(What to do):
Below is a listing; print exactly its lines from the one containing "CROSS OF CARAVACA AEROSOL SPRAY" down to the one containing "4 POK | BALKON", both inclusive, with every picture left out.
--- START ---
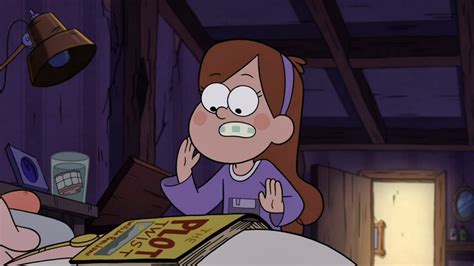 Nude Cartoons Mabel Pines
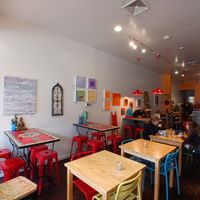  at bee-ORGANIC in Great Neck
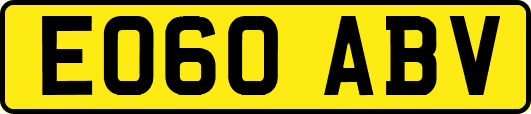 EO60ABV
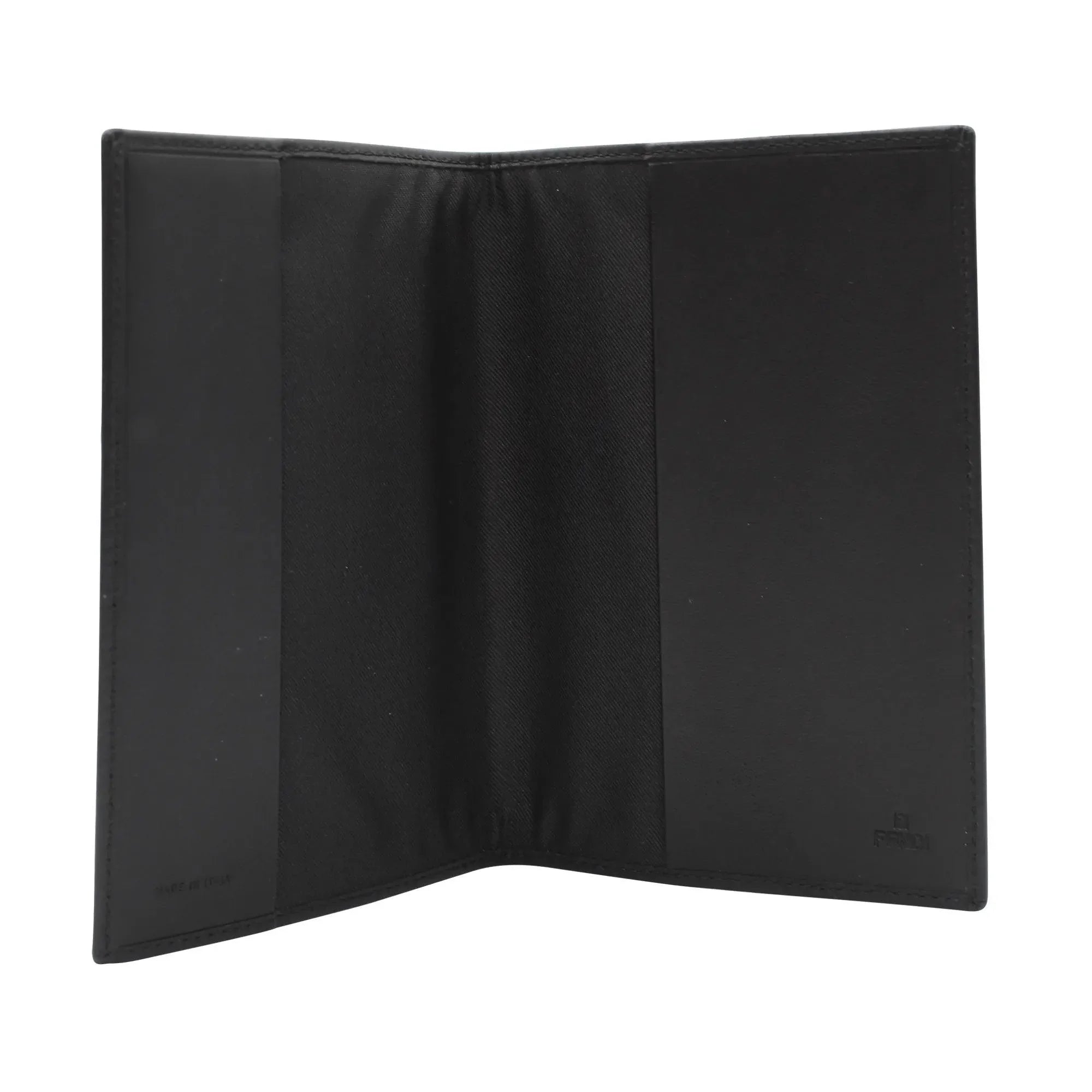Fendi Passport Holder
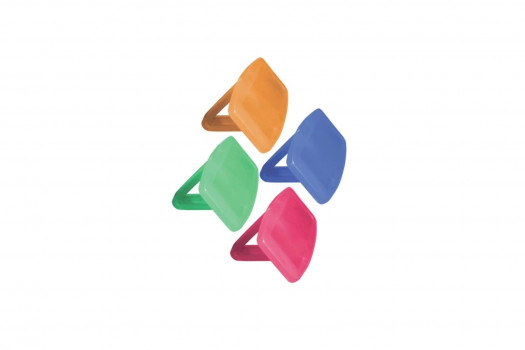 Clip air pomme/cannelle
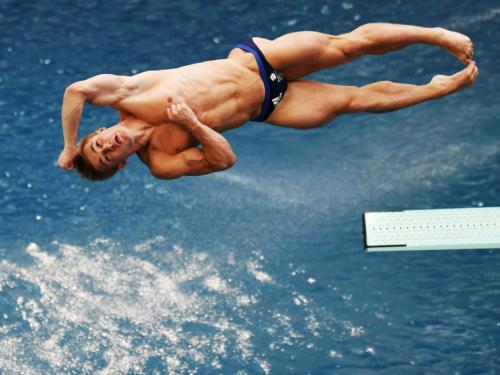 Самые опасные виды олимпийского спорта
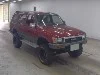 TOYOTA HILUX SURF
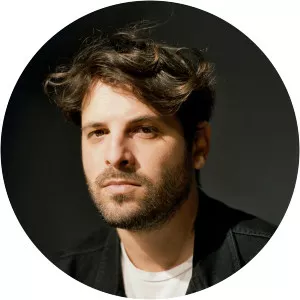 Adrian Marth - Musical artist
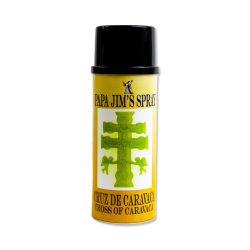 CROSS OF CARAVACA AEROSOL SPRAY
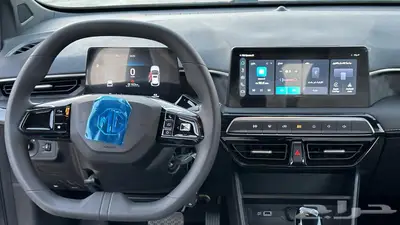 ام جي 3 ستاندر MG3 سعودي كاش واقساط 39600 عرض خاص 2024 12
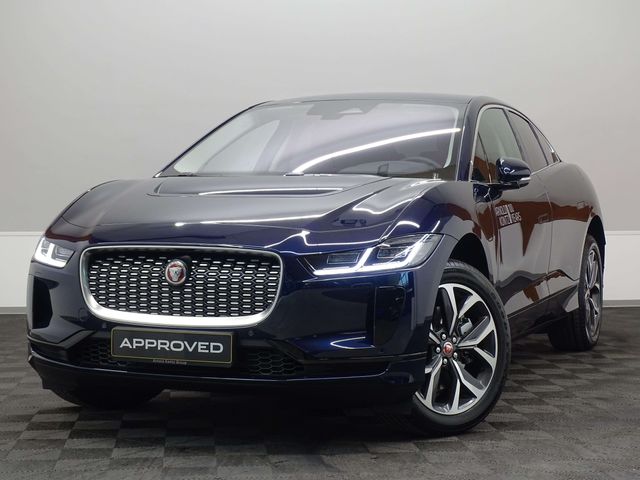 Jaguar I-PACE S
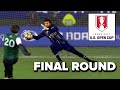 LAST MINUTE PK SAVE NOT ENOUGH? - Final Round Match Analysis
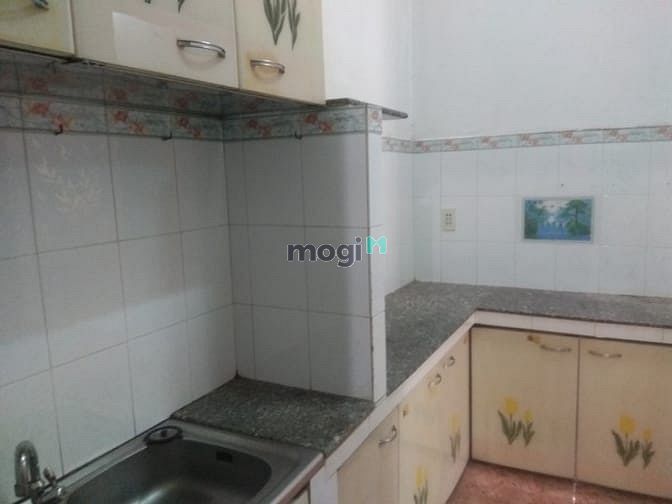 Hình ảnh Cho thuê nhà nguyên căn 135m2, Bình Thạnh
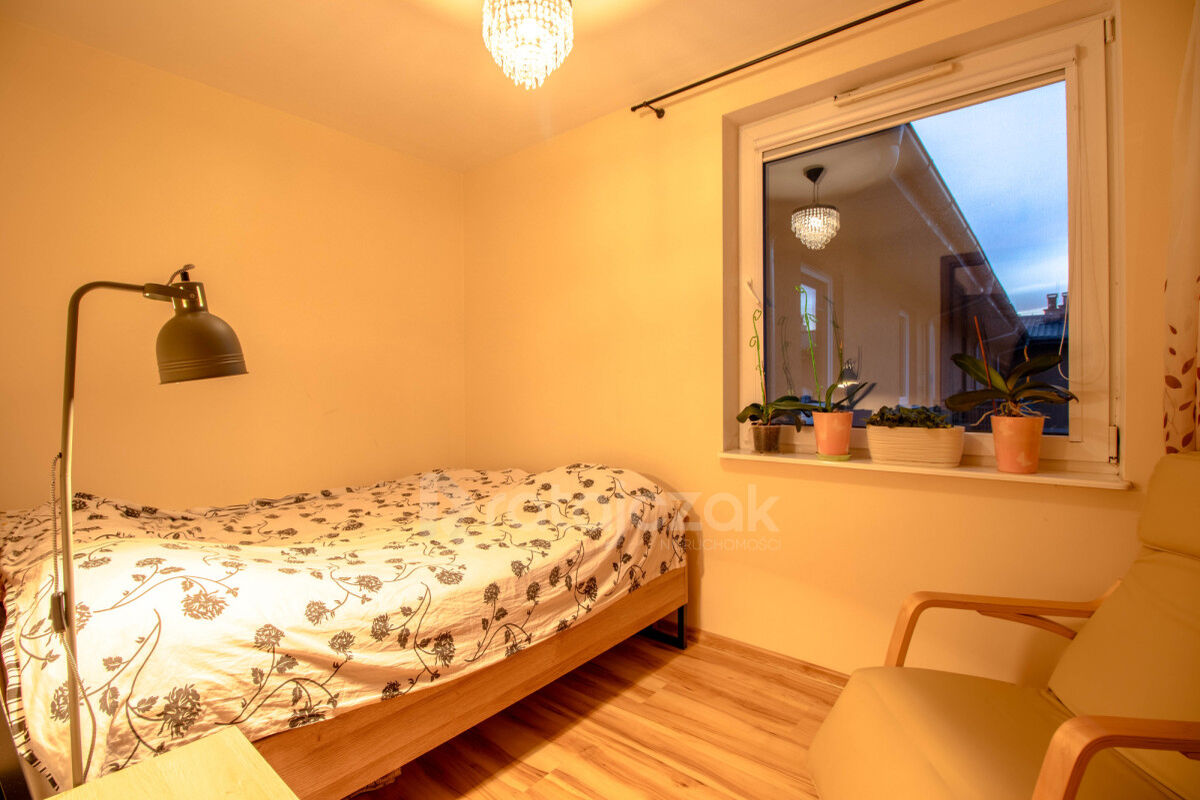 4 POK | BALKON | KOMÓRKA | POD KLUCZ | WEJHEROWOWejherowo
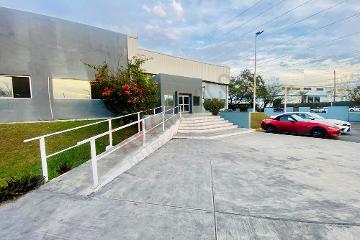 Nave Industrial en Renta en Ave. Juarez, Guadalupe, Nuevo León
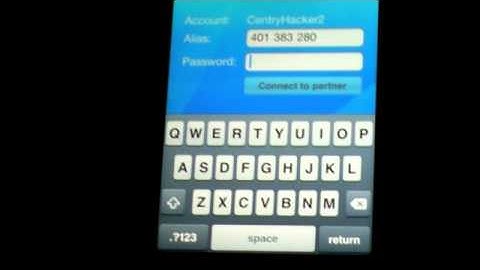 how to play WoW on your Ipod touch or iphone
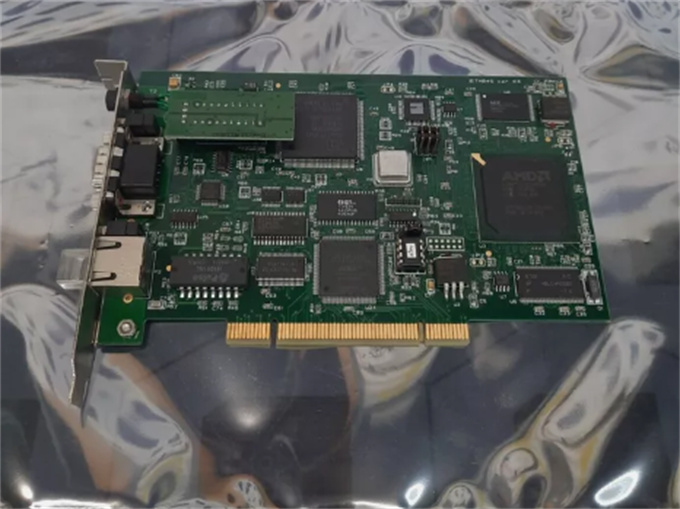 WOODHEAD PCU1500S7 伍德沃德通訊卡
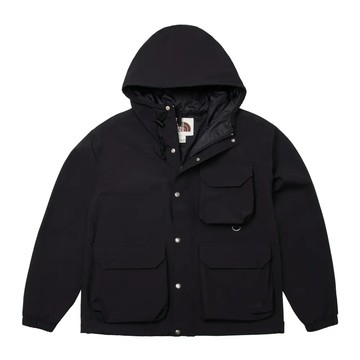 M M66 UTILITY RAIN JACKET - AP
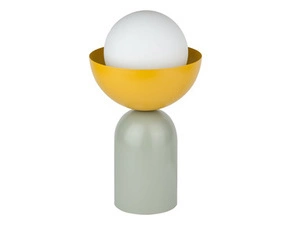 LED svítidlo dekorativní OSRAM DECOR BOWL TABLE E14 GN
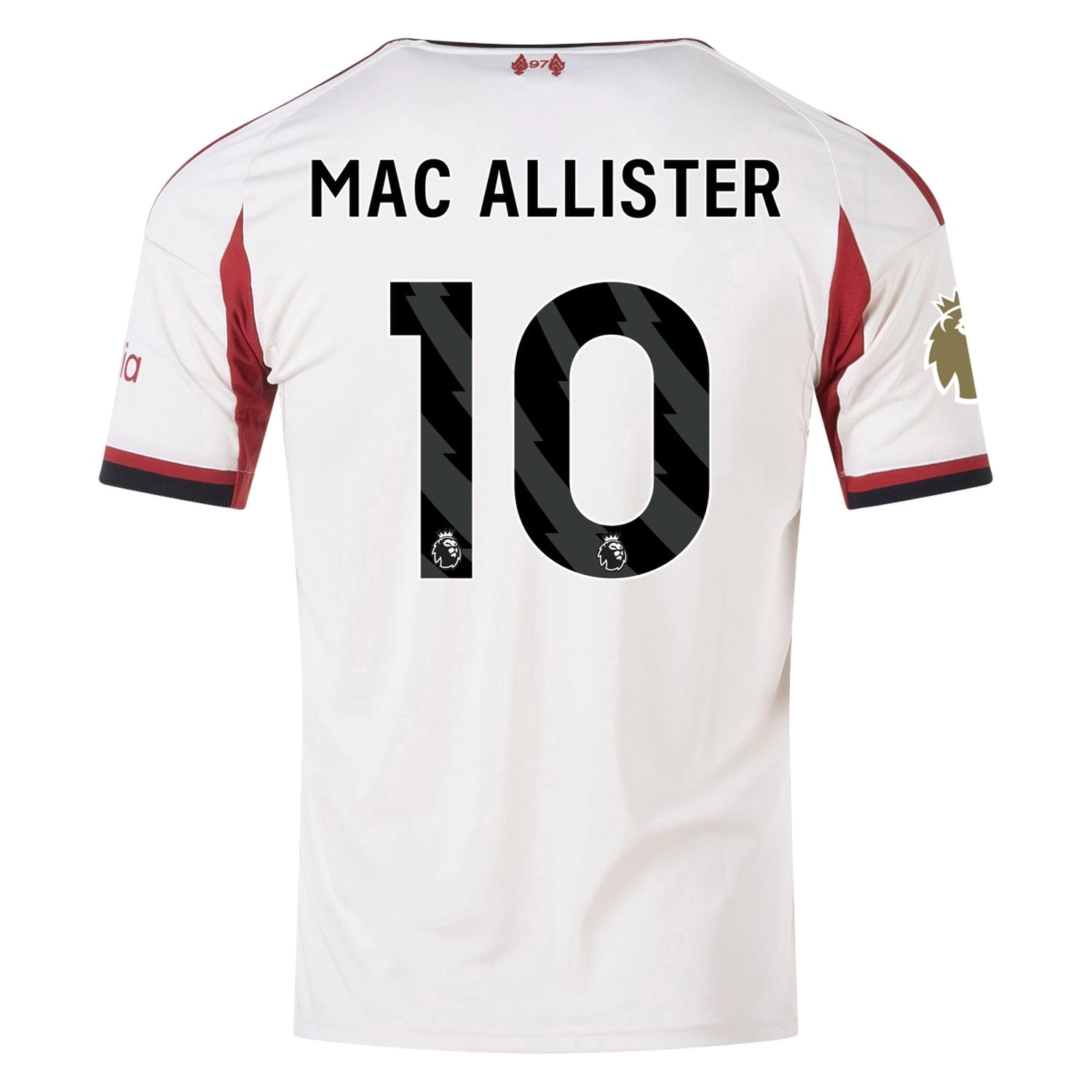 Alexis Mac Allister Jersey - Jersey Alexis Mac Allister | Jersey Kit Arena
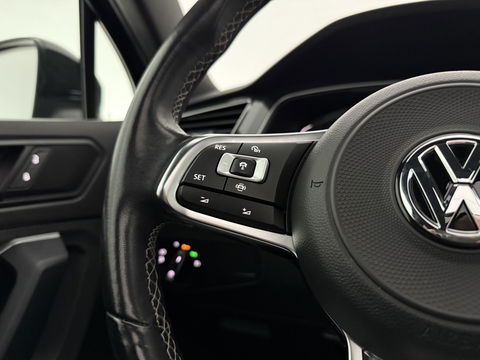 Volkswagen Tiguan 1.5 TSI ACT R-line Black Style | Pano | Adap. Cruise | Virtual | Carplay | Trekh. | Keyless | Stoelverw. | NAP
--- END ---
(Finished task):
 CROSS OF CARAVACA AEROSOL SPRAY
 ام جي 3 ستاندر MG3 سعودي كاش واقساط 39600 عرض خاص 2024 12
 Jaguar I-PACE S
 LAST MINUTE PK SAVE NOT ENOUGH? - Final Round Match Analysis
 Hình ảnh Cho thuê nhà nguyên căn 135m2, Bình Thạnh
 4 POK | BALKON | KOMÓRKA | POD KLUCZ | WEJHEROWOWejherowo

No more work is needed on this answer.